SONYの4ヘッドDATデッキ、DTC-2000ESです。
しばらく使用しない間に不調となったということです。
操作ボタンを押すと、ディスプレイが暴走し操作不能となります。
リモコンで操作すると暴走は起こりませんが、テープを再生しても音が出ません。クリーニングテープを長めに走らせましたが改善は見られません。
カバーを開けました。
標準のスポンジ製ヘッドクリーナーは、ヘッドを痛めますので撤去します。スポンジが変質し、ドラム周辺にこびり付いていますので、後ほど清掃します。
ミニサイズの拡大鏡を用いてヘッドチップを点検したところ、表面に汚れが付着していることが確認されましたので、楊枝などの先端の柔らかいものを用いて汚れをそぎ落とします。
無事音が出るようになりました。
ディスプレイ暴走の修理を行うためにフロントパネルを取り外します。
基板を脱着してタクトスイッチ18ケの交換を行います。
続いてメカのメンテナンスに移ります。
ローディングベルトの状態は良好です。
メカを裏返してMD基板を取り外します。
構成パーツを分解します。
リングギヤです。

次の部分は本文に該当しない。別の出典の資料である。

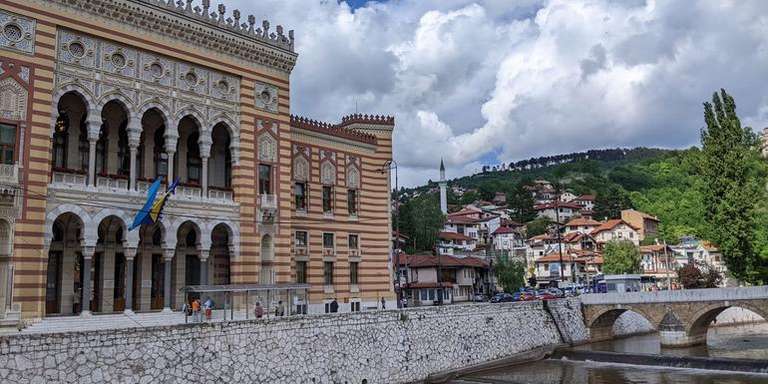 Zagreb Explorer Tour: Croatia to Montenegro: Nightlife & National Parks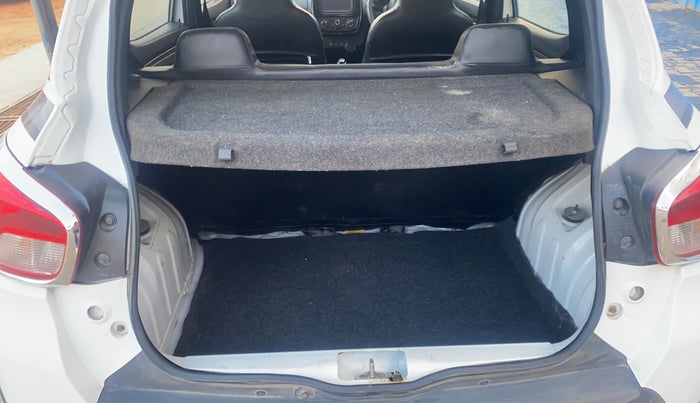 2018 Renault Kwid RXT 1.0 (O), Petrol, Manual, 29,574 km, Boot Inside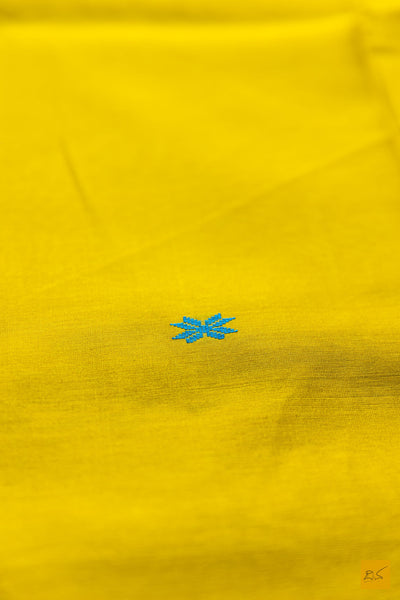 Vedhini- Yellow Maheshwari Silk Cotton Handwoven Saree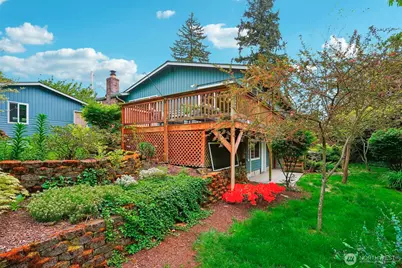 8008 S 122nd Street, Seattle, WA 98178 - Photo 36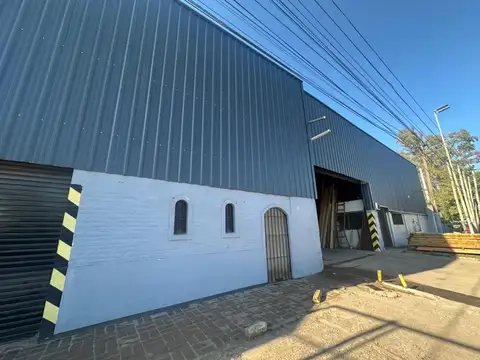 Inmejorable nave sobre ruta 26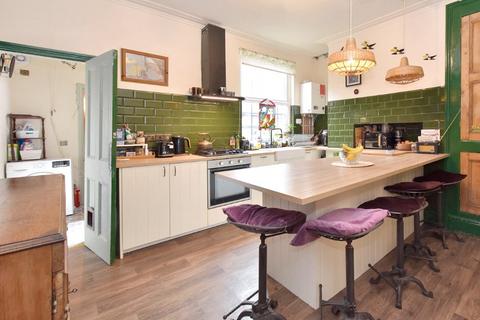 14 Hessle Mount, Leeds, LS6 1EP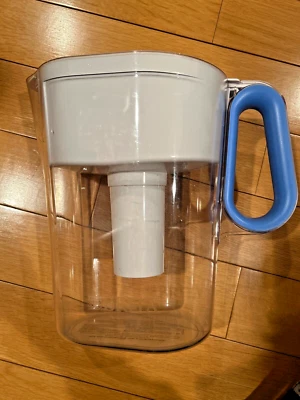 Brita Water Filtration Pitcher  comes w/ 8 Filters Wave Model OB53/OB03  - Image 1 of 4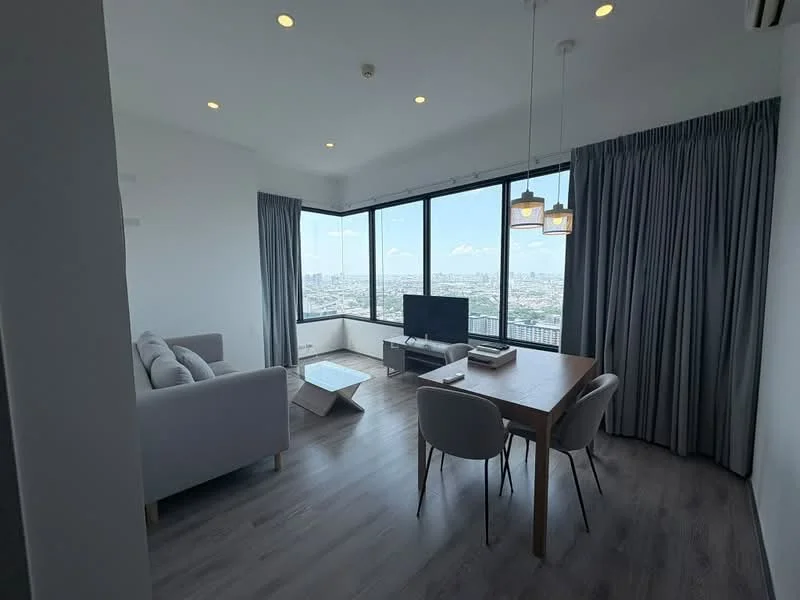 2 Bedroom condo in Knightsbridge Prime Onnut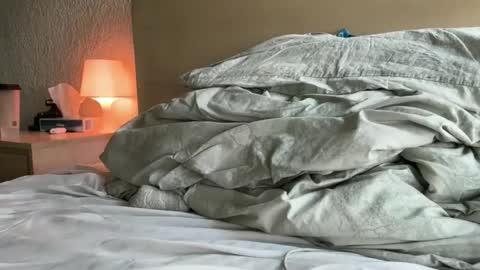 Snapshot of aliensuppstar chatting on 9, 4, 2026 Aliensuppstar online show from 9, 4, 2026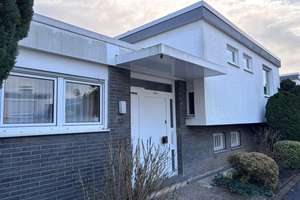 Lichtdurchfluteter Bungalow im Grünen – Die vollständige Adresse der Immobilie erhältst du vom Anbieter., 53127 Ippendorf, Bonn – Vorschaubild 1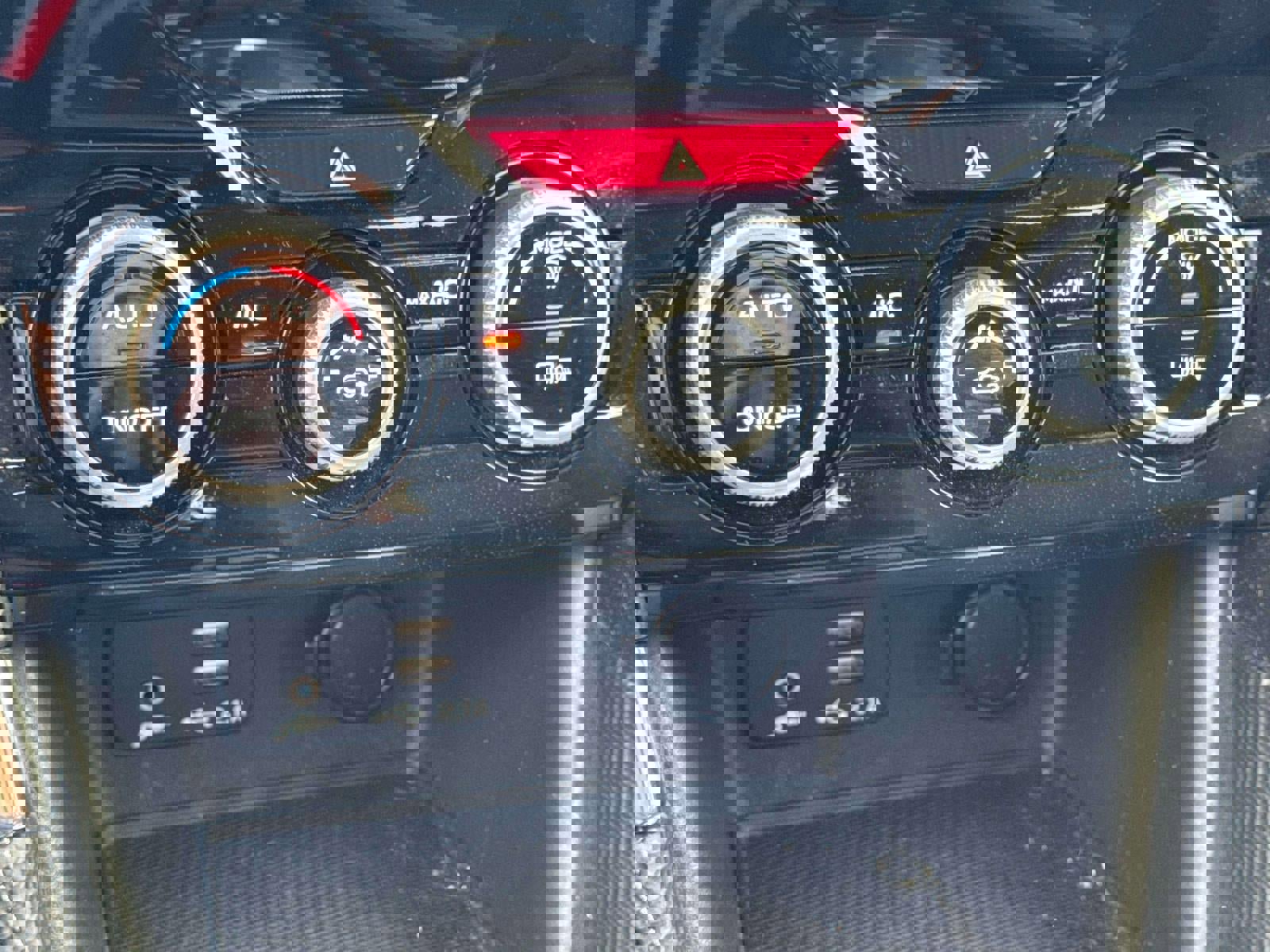 Certified 2024 Subaru Forester Premium image 25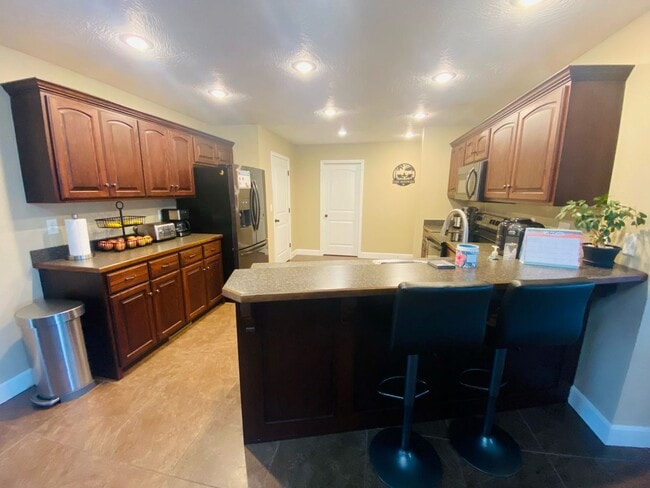 Building Photo - 16344 Heartland Ln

銀色のパーツが本来はスライドするのですが、固着しています。
製造時に処置されたグリス硬化が原因ですので、CRCで拭き取ります。
スライド部にシリコングリスを処置しました。
この機種と77ESは、リングギヤが調整式となっています。金色のナットで微調整を行います。
ベルトを交換し、ギヤ類を組み付けます。ギヤの差し込み部には異音防止のためグリスを塗布します。
2DDリールユニットです。ブレーキパッドの貼りつきが無いか確認し、ブレーキの効き具合を点検します。
元通り組み立てます。
トレイユニットを切り離します。プラスチックパーツ同士が擦れる箇所にグリスを処置します。
(写真は清掃前です)製造時に塗布されたグリスで汚れていますので清掃します。
ピンチローラーです。引っ張ると簡単に抜けてしまいました。
樹脂製の留め具が割れています。また、ピンチローラーのゴムが硬化しています。
ゴムを張り替えたものと交換します。
細いシリコンチューブを切断し、留め具の代用品として使用します。
テープ検出スイッチです。すでに接点復活剤が処置されていました。
メカのメンテナンスが完了しました。
ディスプレイ暴走が解消されたかどうか。また、正常に操作できるかを確認します。
入出力別、モード別の録音再生状況を確認し、修理完了です。